Irish Examiner View: Soaking the taxpayer has its limits
In the UK, there is an increasing clamour for a mass refusal to pay the next swingeing round of energy bill increases in October. File Picture.
It is inevitable in these straitened circumstances that political thinkers are casting around for new ways to separate citizens from their money and add it to the tax pot for them to dispense.
Inevitable, also, that property, in a country which acknowledges that it has a housing crisis and a crisis in finding homes for refugees, should fall under repeated scrutiny.
In respect of temporary help needed for displaced persons, calculating eyes have fallen upon the country’s 66,135 holiday homes. Owners of these properties, which are predominantly in rural areas, may be asked to “loan” them to the Government in return for a payment which may exceed the €400 per month currently offered to households to assist refugees.

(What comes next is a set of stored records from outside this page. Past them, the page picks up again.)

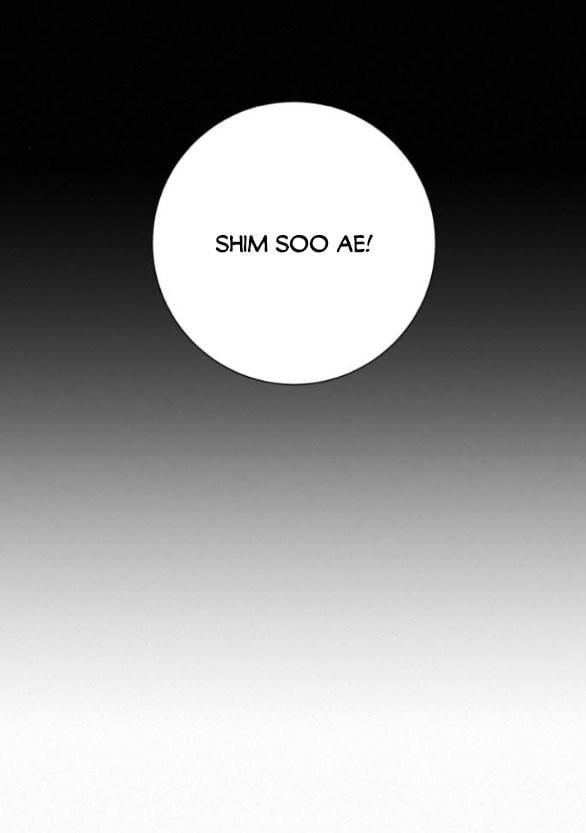 đọc truyện Tình Yêu Trong Sáng Chương 78.2 ảnh 24 tại Thiên Thai Truyện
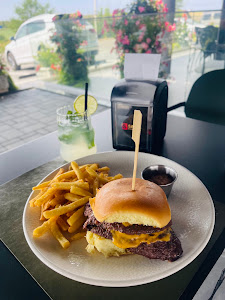SAM'S STEAKHOUSE — fotografia 4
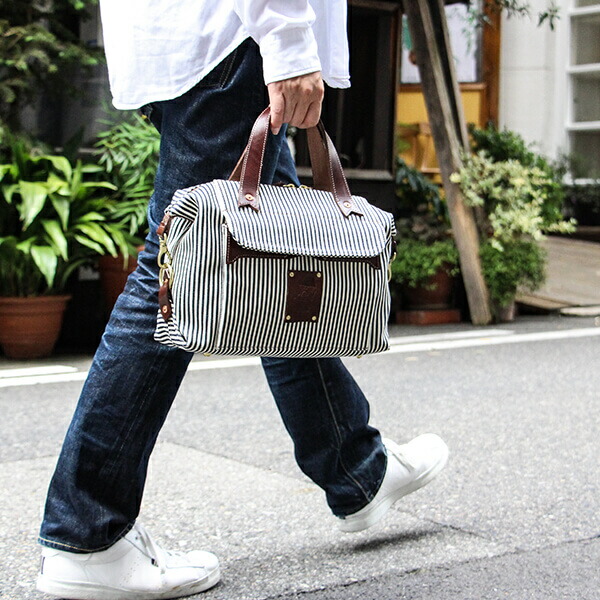 楽天市場】ビアベリー チェルシーバッグS ボストンバッグ トートバッグ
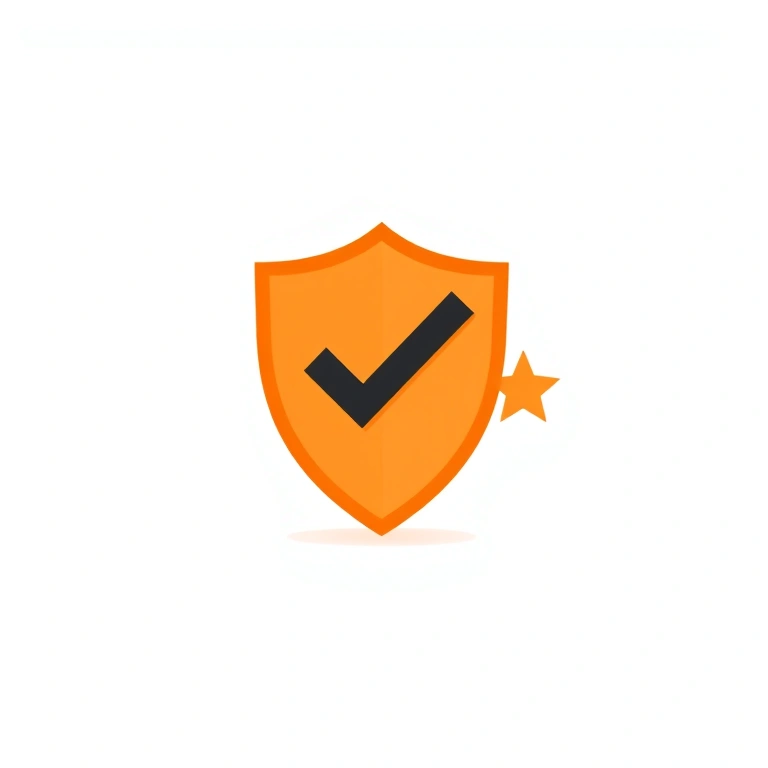 What Google requires for review markup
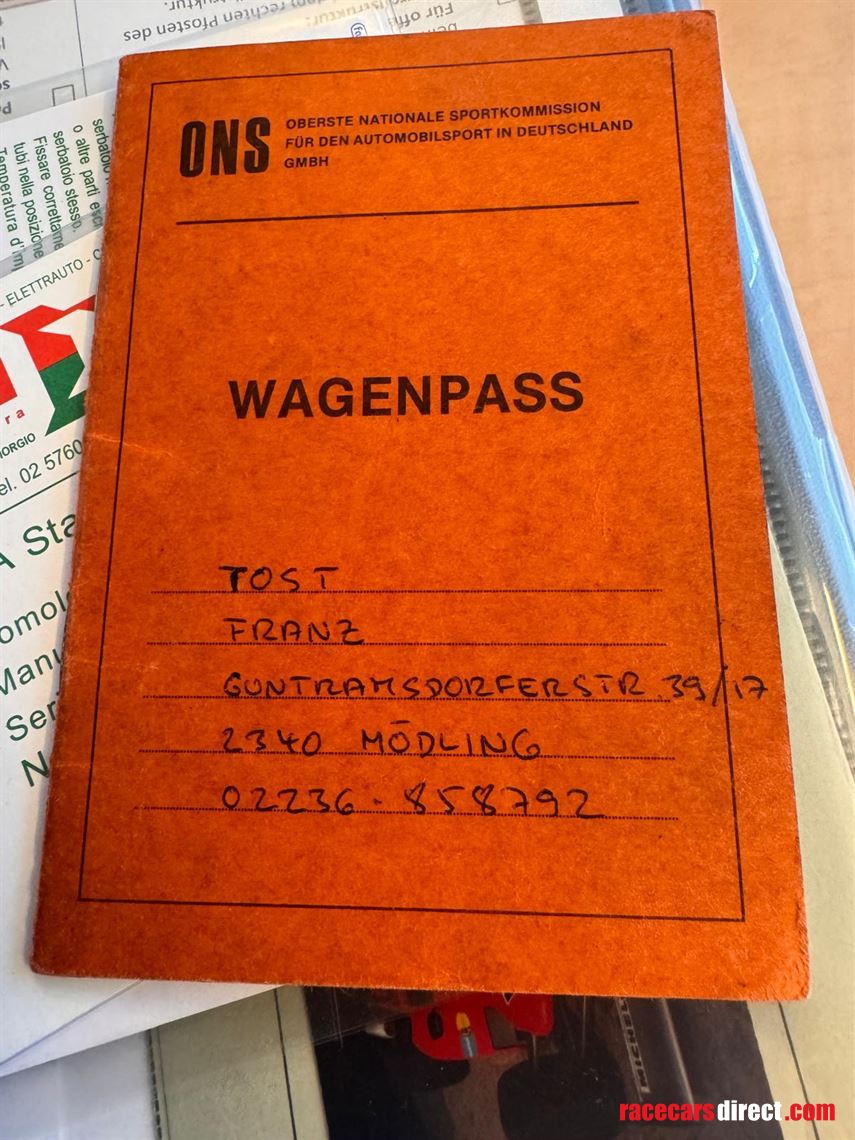 ralt-rt3---fia-htp---fully-revised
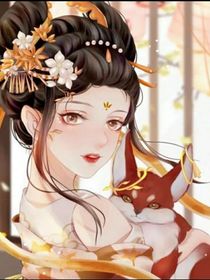 过往云烟之留不住的美好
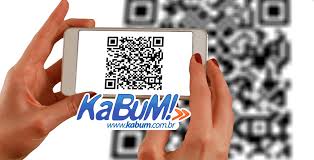 What is the population of komba district papua new guinea? Kabum Tambem Passa A Aceitar O Pix Como Pagamento Plusdin
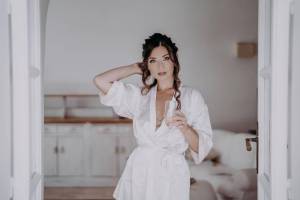 civil-ceremony-at-masseria-san-michele31_original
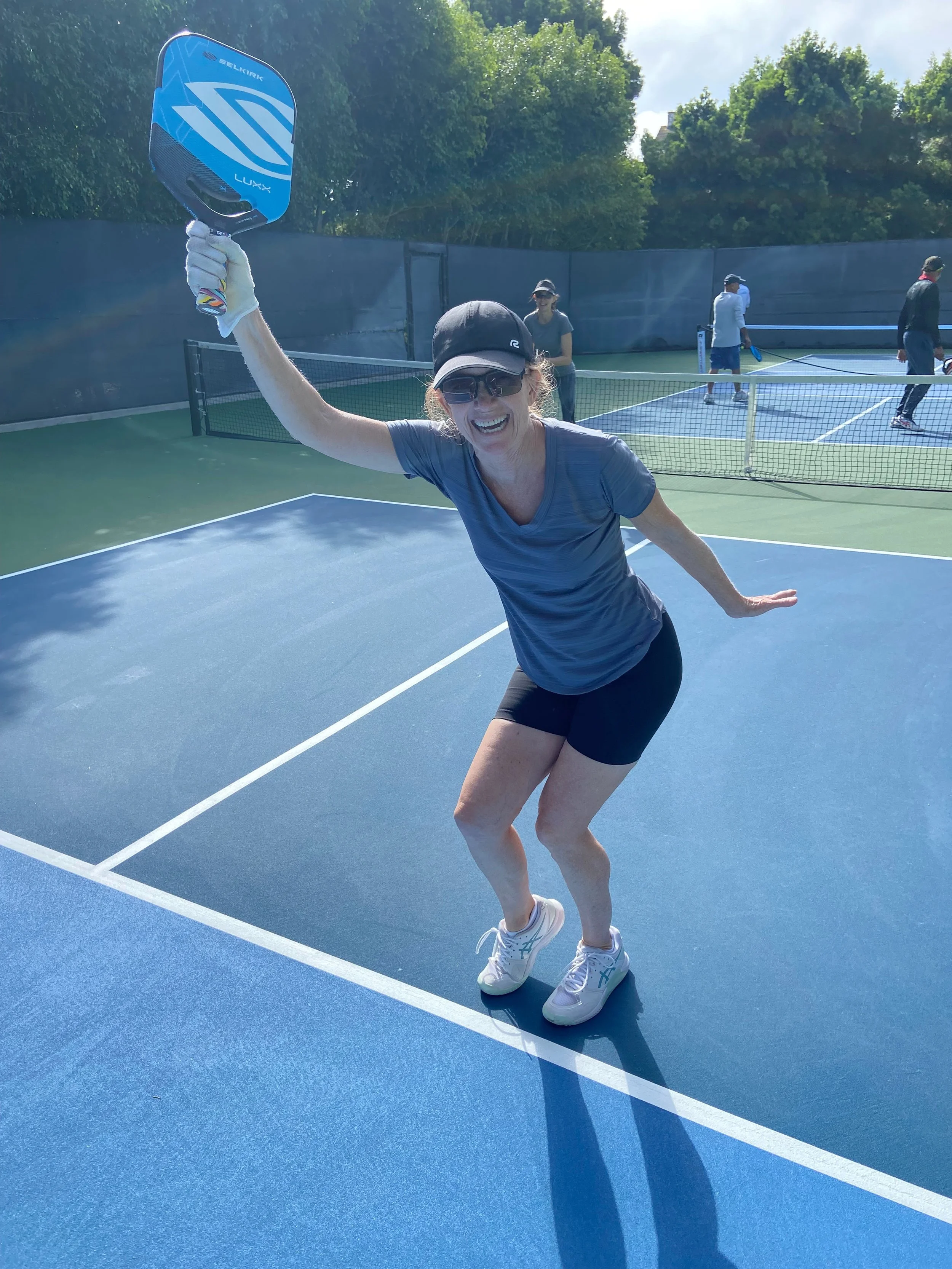 MelissaWows - Copy.jpg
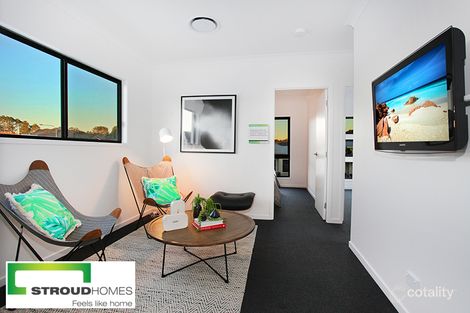 Lot 160 Warrego Dr, Pelican Waters, QLD 4551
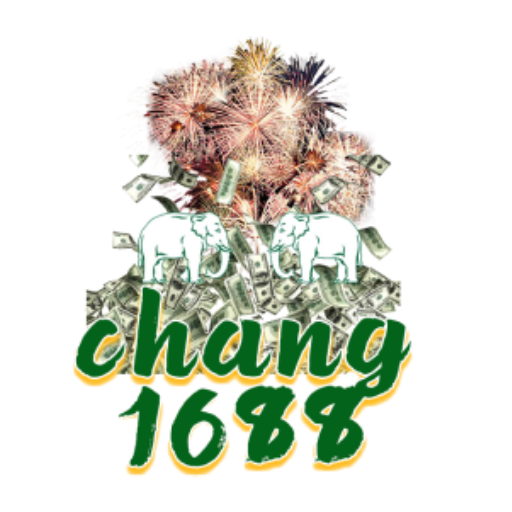 chang1688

Providing humanitarian support during a time of grievous international crisis may be one thing. But there are also acquisitive eyes on holiday homes and second homes who see them as a potential source of ongoing central Government revenue for the future.
The Commission on Taxation and Welfare, an advisory group, is reported to have included recommendations to widen the tax net by imposing a site-value tax on non-residential property in their 300-page report to Finance Minister Paschal Donohoe. The proposal would not come into play for Budget 2023, but may inform thinking for the next election manifesto.
There are a host of other revenue-raising ideas seeking to defray the State’s reliance on corporation tax, including Vat, PAYE, PRSI, and traffic congestion charges. The group was chaired by Niamh Moloney of the London School of Economics and Political Science.
Sinn Féin, with its ambitions of forming the next government, also finds itself forced to become more transparent over its own tax plans, which look like placing extra costs on businesses and include measures such as a third income tax rate for those earning over €140,000, an increase in capital gains and inheritance taxes, plus the introduction of a “wealth” tax instead of property tax.
Common to all the political classes and associated special interests is the notion that stressed citizens must “get used” to paying more.
The cent may not yet have dropped that there is a growing resistance from taxpayers to being bled further.
In the UK, there is an increasing clamour for a mass refusal to pay the next swingeing round of energy bill increases in October. The idea is that, if sufficient people cancel their direct debits, the system will be overwhelmed, and the numbers too great for a widespread switch-off of supply or the introduction of pre-payment meters.
Financial expert Martin Lewis compares it to a “poll tax” moment.
Such ideas are contagious. Thus far, voters in Western democracies have been resilient, phlegmatic, and generous in their response to everything which has been thrown at them.
This winter will test the reserves of patience. Political leaders need to be prudent with their words and actions.